Mike was peddling a pedicab in the urban center of Los Colinas. He came to a stop at the traffic light at Las Colinas Boulevard and O'Connor, and didn't move when it turned green.
Mike fell off the pedicab and went into cardiac arrest.
"While I was driving into work, I heard over the police radio, a 911 major accident being dispatched. I noticed it was very close to my location," Maynard said.
Officer Maynard was off-duty but realized how close he was to the call so he was able to get there within 30 seconds. He took over CPR from one of Edwards' pedicab passengers and continued until paramedics arrived.
"He has no pulse at that time. He was laying on his back, I looked at his eyes real quick, I noticed that they were extremely dilated and his breathing was extremely shallow," Maynard said.
Edwards remained in a coma for nearly four days.
"Really didn't have any symptoms at all, and turns out that I had a blockage which caused a heart attack and a sudden cardiac arrest," Edwards said.
Irving police recently recognized Officer Maynard for his actions at a ceremony.
"And with us today is Michael Edwards, the gentleman who’s life they saved," said Irving Police Chief Jeff Spivey at the ceremony.
Today, Edwards shares a special bond with Officer Maynard, who he credits for saving his life.
"Gratitude every day," Edwards said. "Just to be alive and to be able to do all the things that I'm able to do, and working my way back to being able to do more than I could.
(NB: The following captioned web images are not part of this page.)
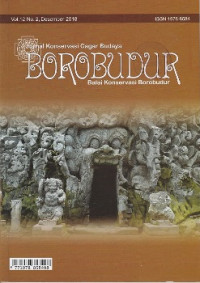 JURNAL CAGAR BUDAYA BOROBUDUR VOL. 12, NO. 2, DESEMBER 2018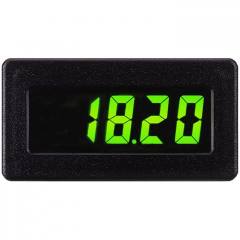 Red Lion CUB4CL10 Current loop indicator LCD Yellow/Green Negative Image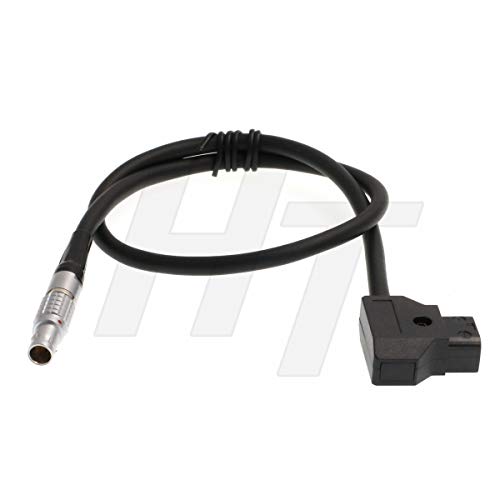 Cable Transvideo StarliteHD5-ARRI Monitor D-tap 0B Mini 5 pines de alimentación de 80cm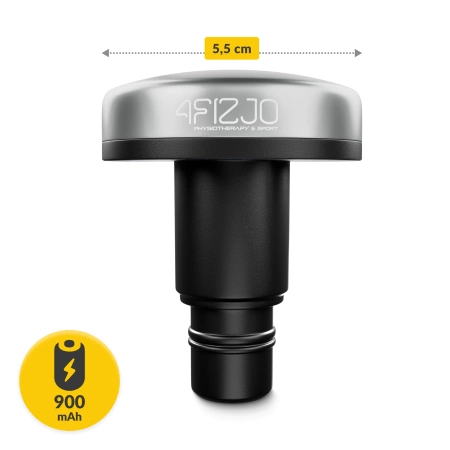 Melegítőfej masszázspisztolyhoz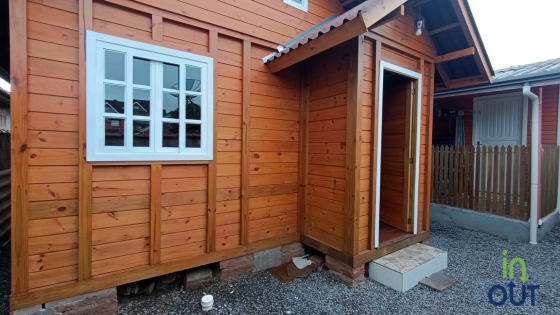 Casa com 2 quartos no bairro Floresta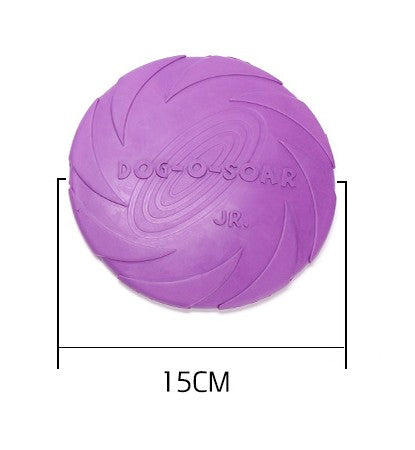 Abmessungen Hundefrisbee in Größe S 15 cm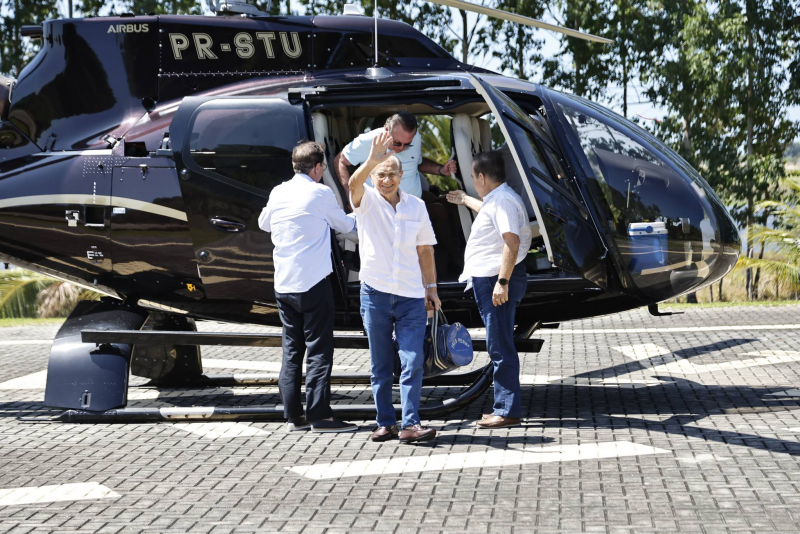 Dia na fazenda - Beto Studart reúne amigos na Fazenda Chica Doce, em Pindoretama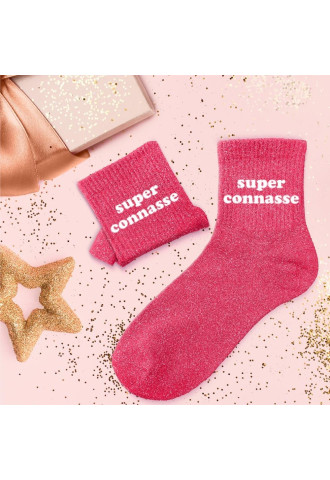 CHAUSSETTES PAILLETTES...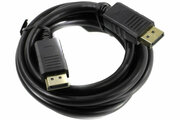 Кабель Cablexpert DisplayPort - DisplayPort (CC-DP2-6), 1.8 м, черный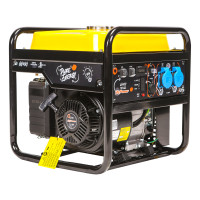 ITC GG30Xi generator 230V benzin 3,3 kw inverter ITC motor Schuko stik 59012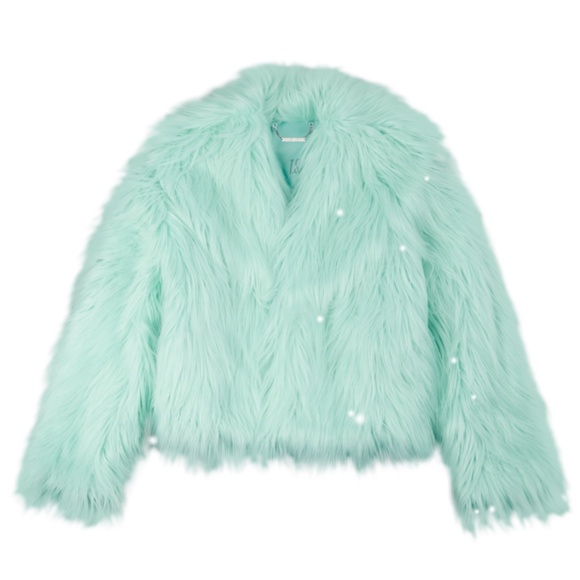 BRAND NEW, SEALED IN BOX - Taylor Swift Showgirl Faux Fur Coat - Picture 1 of 7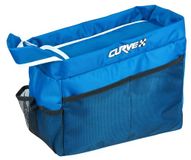 Backseat Icecat Backseat Organizer Curve blauw/zwart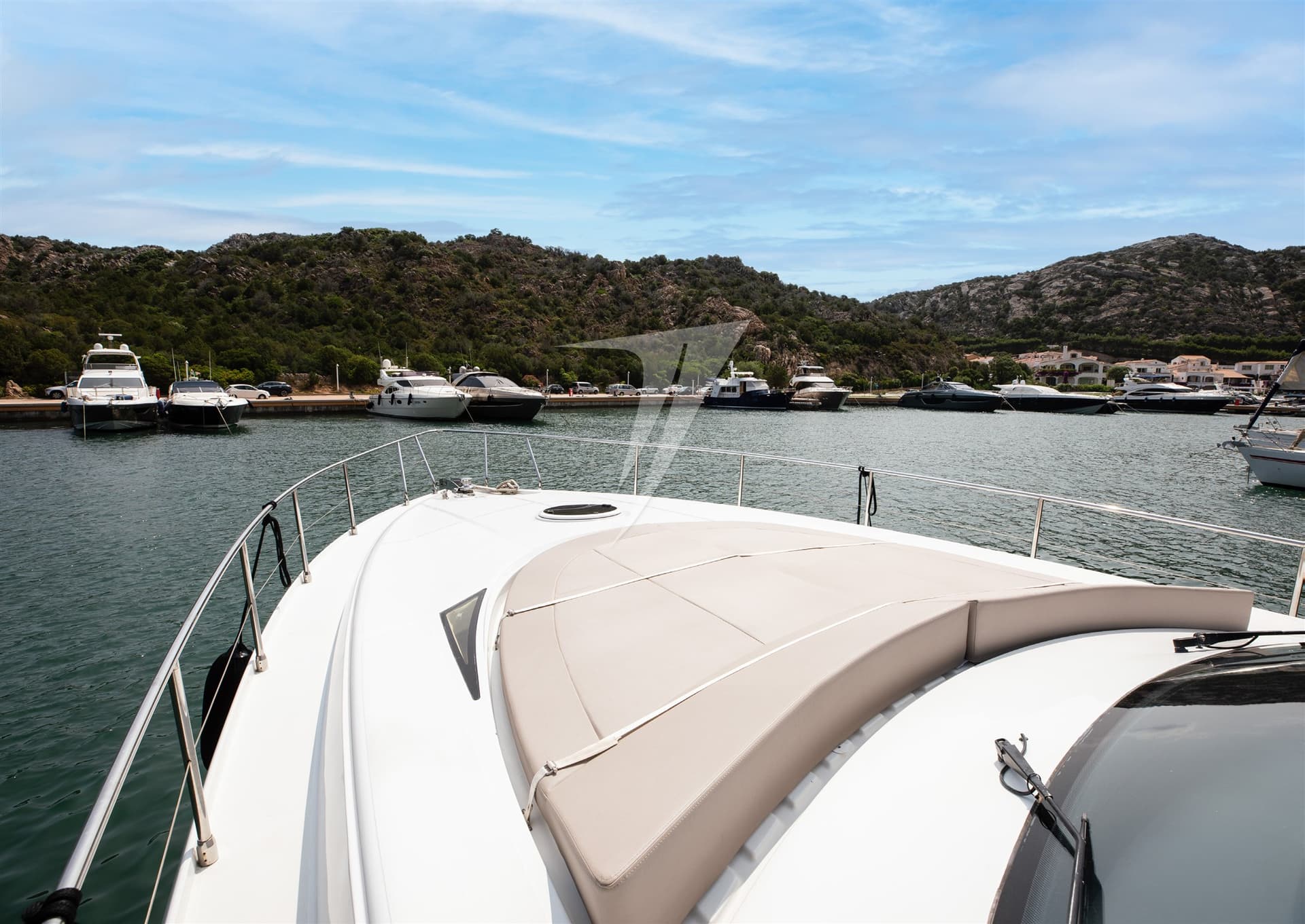 Pershing Pershing 52' - Deck View Pershing Pershing 52' - Deck View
Maynard explained how the incident impacted his life as well.
"I see a lot of death, carnage and destruction, and being able to be in a situation where I'm able to save someone's life, it makes you feel extremely good," Maynard said. "Not just as a police officer, but as a person."
Edwards had two stents put into his heart and he has made some diet changes since his cardiac arrest. Edwards says he now has a clear calling to educate and motivate others about prevention and recovery from heart disease through diet and exercise.
He's in the process of writing a book about his experience and how he can help others.